A polícia descobriu o verdadeiro nome de Camila na 99ª Delegacia de São Paulo, e ela negou ter roubado as bonecas e agredido o segurança. O roubo, no valor de 2.009,91 reais, lhe rendeu uma prisão em flagrante, que foi revertida no dia seguinte. Mas Camila e Jenifer foram denunciadas pelo Ministério Público. A primeira recebeu a intimação; a segunda, nunca mais foi localizada pela Justiça. 

Onze meses depois, Camila foi condenada a cinco anos e quatro meses de prisão, em regime semiaberto – 216 dias para cada boneca que ela tentou roubar –, além de 13 dias-multa. Na sentença, o juiz Leonardo Prazeres da Silva, da 9ª Vara Criminal de São Paulo, disse que a materialidade do crime ficou comprovada, sobretudo pelo depoimento das testemunhas. Ele rejeitou a aplicação do princípio da insignificância (por meio da qual o direito penal moderno determina a não punição de crimes de baixa relevância). “O valor supera o do salário mínimo da data dos fatos”, afirmou na sentença assinada no último dia 24 de agosto.

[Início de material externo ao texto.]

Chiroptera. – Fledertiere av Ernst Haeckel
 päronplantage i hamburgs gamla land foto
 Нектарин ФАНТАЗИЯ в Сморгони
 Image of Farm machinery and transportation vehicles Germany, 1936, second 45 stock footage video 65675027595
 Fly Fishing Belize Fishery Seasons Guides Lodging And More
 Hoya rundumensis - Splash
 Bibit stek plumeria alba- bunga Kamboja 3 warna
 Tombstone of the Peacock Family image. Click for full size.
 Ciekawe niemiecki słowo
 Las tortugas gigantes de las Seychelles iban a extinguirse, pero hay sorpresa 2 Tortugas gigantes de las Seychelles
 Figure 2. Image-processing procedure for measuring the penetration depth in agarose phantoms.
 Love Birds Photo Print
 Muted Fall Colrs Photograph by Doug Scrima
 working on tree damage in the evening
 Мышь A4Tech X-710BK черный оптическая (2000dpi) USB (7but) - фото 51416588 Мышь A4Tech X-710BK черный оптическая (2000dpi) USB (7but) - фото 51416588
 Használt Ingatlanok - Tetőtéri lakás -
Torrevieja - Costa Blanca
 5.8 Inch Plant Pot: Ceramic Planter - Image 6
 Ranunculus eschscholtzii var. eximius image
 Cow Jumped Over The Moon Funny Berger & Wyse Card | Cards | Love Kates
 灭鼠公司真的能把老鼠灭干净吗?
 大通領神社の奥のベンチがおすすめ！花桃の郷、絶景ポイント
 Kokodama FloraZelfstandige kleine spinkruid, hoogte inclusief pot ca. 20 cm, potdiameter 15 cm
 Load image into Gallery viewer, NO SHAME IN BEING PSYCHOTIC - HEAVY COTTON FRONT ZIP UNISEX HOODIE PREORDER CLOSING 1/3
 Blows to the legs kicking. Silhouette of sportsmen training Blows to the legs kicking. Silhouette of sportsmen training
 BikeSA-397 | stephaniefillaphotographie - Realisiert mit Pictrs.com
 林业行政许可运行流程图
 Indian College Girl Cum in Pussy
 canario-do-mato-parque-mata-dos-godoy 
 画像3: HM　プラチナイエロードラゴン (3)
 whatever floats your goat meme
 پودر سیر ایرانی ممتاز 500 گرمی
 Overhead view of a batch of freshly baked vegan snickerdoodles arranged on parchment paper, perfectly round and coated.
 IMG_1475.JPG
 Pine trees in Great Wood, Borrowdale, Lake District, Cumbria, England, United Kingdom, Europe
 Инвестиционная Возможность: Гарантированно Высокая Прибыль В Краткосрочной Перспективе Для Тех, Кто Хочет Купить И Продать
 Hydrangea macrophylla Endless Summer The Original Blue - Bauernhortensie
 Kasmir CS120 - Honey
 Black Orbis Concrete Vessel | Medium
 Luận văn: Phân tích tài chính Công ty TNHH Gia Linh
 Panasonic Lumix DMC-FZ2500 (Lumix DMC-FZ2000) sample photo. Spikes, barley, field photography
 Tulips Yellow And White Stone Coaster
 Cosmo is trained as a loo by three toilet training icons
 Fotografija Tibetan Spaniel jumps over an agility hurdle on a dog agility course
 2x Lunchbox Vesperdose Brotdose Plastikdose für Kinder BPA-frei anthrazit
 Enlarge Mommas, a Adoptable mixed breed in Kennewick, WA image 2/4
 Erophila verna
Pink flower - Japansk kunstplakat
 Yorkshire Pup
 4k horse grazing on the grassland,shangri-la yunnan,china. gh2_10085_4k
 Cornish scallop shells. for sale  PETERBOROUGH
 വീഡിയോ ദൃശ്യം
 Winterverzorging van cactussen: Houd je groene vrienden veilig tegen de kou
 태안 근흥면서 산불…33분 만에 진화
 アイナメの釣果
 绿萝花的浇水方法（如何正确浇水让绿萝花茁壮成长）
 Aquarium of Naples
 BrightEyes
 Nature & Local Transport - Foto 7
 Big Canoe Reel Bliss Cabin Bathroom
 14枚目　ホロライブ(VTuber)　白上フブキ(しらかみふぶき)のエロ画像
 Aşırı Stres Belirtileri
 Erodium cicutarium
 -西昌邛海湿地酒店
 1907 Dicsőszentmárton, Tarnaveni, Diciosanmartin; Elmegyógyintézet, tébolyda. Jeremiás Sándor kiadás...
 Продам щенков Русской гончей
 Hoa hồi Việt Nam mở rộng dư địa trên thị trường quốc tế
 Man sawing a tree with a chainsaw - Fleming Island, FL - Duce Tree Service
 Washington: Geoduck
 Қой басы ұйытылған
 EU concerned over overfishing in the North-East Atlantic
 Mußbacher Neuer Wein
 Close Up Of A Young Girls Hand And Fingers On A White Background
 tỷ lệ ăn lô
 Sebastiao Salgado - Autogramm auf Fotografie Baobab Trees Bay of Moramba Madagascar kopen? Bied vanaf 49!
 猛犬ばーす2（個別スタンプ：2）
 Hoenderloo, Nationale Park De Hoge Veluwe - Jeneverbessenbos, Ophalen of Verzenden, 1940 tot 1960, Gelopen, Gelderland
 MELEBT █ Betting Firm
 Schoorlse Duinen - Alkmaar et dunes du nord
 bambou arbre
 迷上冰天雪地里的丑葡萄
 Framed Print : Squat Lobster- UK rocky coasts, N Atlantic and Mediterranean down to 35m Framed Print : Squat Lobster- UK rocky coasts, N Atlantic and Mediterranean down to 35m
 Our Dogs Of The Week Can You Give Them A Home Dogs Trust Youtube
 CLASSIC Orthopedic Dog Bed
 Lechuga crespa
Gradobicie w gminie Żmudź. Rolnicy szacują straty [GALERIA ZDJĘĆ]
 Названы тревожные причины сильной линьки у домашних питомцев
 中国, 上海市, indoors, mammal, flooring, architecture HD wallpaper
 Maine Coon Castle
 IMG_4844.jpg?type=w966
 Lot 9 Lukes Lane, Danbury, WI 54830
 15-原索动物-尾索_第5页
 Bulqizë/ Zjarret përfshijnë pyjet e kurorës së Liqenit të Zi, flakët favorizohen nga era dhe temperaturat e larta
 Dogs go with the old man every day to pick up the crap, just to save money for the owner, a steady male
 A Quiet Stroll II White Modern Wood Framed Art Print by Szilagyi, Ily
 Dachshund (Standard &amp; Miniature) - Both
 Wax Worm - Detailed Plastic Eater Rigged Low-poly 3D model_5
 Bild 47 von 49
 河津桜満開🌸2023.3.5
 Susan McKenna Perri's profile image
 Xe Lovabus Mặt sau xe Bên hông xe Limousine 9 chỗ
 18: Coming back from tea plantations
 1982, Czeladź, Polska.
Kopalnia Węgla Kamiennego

A defensora pública Isabella Benitez Galvez, que presta assistência à Camila, argumentou à Justiça que não houve roubo, mas sim tentativa, já que as mulheres foram detidas ao tentar deixar a loja. Galvez disse ainda que não há provas da violência contra o segurança e que o depoimento das testemunhas é contraditório: “O relato do funcionário foi bastante confuso. Ora ele disse que as acusadas são conhecidas da loja, ora que não as conhecia. Quando indagado se elas já tinham saído da loja quando abordadas, disse que estavam perto da porta.

A defensora sustenta que o crime deveria ser classificado como o de tentativa, cuja pena é menor, e que o regime aplicado deveria ser o aberto, e não o semiaberto. Camila ainda espera o veredicto final do juiz.

Michel, de 30 anos, foi preso no final da tarde de 6 de agosto do ano passado na rua 24 de Maio, na República, São Paulo. A polícia o localizou depois que ele e uma mulher roubaram uma calcinha e onze sutiãs das Americanas.

Minutos antes, o gerente do estabelecimento foi acionado por uma funcionária depois que um casal foi embora pagando apenas um esmalte. Ela disse que tinha visto os dois colocando sutiãs e uma calcinha dentro de uma bolsa. Os produtos somavam 642 reais. O gerente perseguiu a dupla e viu a mulher correndo, até desaparecer. Ele conseguiu deter apenas Michel, que segurava a bolsa com os produtos da loja. Num primeiro momento, ele alegou ter comprado as lingeries em outra loja. Com a chegada da polícia, confessou ter surrupiado os itens.

Michel foi denunciado pelo Ministério Público. O promotor Wilmar Pinto Correia defendeu na audiência que “sendo o acusado reincidente e portador de péssimos antecedentes, impõem-se a pena de prisão em regime fechado”. O culpado repetiu a confissão à Justiça e disse que a ideia do furto foi da mulher.

O defensor público Davi Quintanilha Failde de Azevedo afirmou que não houve furto, mas uma tentativa de furto. Sustenta que Michel foi o tempo todo observado pelos funcionários do estabelecimento. “Pelo que consta, os funcionários do estabelecimento comercial apenas esperaram eles saírem da loja para realizar a abordagem, não havendo nenhum risco real ao patrimônio da vítima [Americanas]. No mais, eles poderiam, a qualquer tempo, evitar o crime. Só não o fizeram por injustificável omissão”, defendeu. 

Cerca de dois meses após o fato, o juiz Augusto Antonini condenou Michel a um ano e quatro meses de prisão, e mais três meses de detenção em regime aberto. No entanto, a punição foi substituída pela prestação de serviços à comunidade e pagamento de uma prestação pecuniária de um salário mínimo.

O juiz entendeu que não caberia aplicar a pena de restrição de direitos, uma vez que, na primeira condenação penal de Michel, o crime foi cometido sem violência ou ameaça. “A privação de sua liberdade seria medida de extremo rigor desproporcional a seu histórico de vida”, afirmou na decisão.

Procurados, Jorge Paulo Lemann, Marcel Telles e Carlos Alberto Sicupira, acionistas de referência das Americanas, não comentaram os quatro casos.